Will goes to work and snaps at his boss, resulting in him quitting, while Alicia tells him to stop calling her. Broken and alone, Will decides to stay at Eric's house. Eric's wound has worsened. He reveals the college kids forced him to lure Will to the house, and they asked him to give Will "a present". Will spots an eye looking at him through Eric's wound. He discovers the phone in Eric's possession and is prompted to accept the "present" wrapped in flesh. He realizes the higher being the kids summoned is inside Eric's wound. After calling Garrett again, which fills the room with the inhuman screeching, a swarm of cockroaches arrives. Will finally submits and starts to absorb the higher being in an attempt to become whole as cockroaches envelop the house.

==Production==
In February 2018, it was announced Armie Hammer had been cast in the film, with Babak Anvari writing and directing the film. Megan Ellison, Christopher Kopp, and Lucan Toh produced the film under their Annapurna Pictures, AZA Films, Two & Two Pictures banners, respectively. In March 2018, Dakota Johnson and Zazie Beetz joined the cast of the film. In April 2018, Karl Glusman, Brad William Henke and Jim Klock joined the cast.
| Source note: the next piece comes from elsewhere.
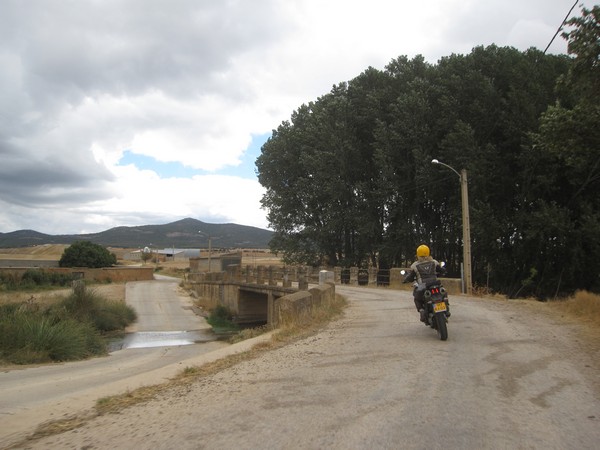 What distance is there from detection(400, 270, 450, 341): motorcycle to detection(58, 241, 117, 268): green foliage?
81.2 meters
Principal photography began on April 4, 2018, in New Orleans.

==Release==
The film had its world premiere at the Sundance Film Festival on January 26, 2019. It also screened at the Cannes Film Festival in the Directors Fortnight section on May 22, 2019. The film was scheduled to be released on March 29, 2019. However, it was pulled from the schedule. It was released in the United States on October 18, 2019, by Hulu. Netflix distributed the film internationally in all territories outside of the United States on October 18, 2019.

==Reception==
Wounds received mixed reviews from film critics. It holds approval rating on review aggregator website Rotten Tomatoes, based on reviews, with an average of . The site's critical consensus reads, "Wounds isn't without its creepy-crawly charms, but they – and the efforts of a talented cast – get squished by a story that never quite gets completely under the skin." On Metacritic, the film holds a rating of 51 out of 100, based on 12 critics, indicating "mixed or average reviews".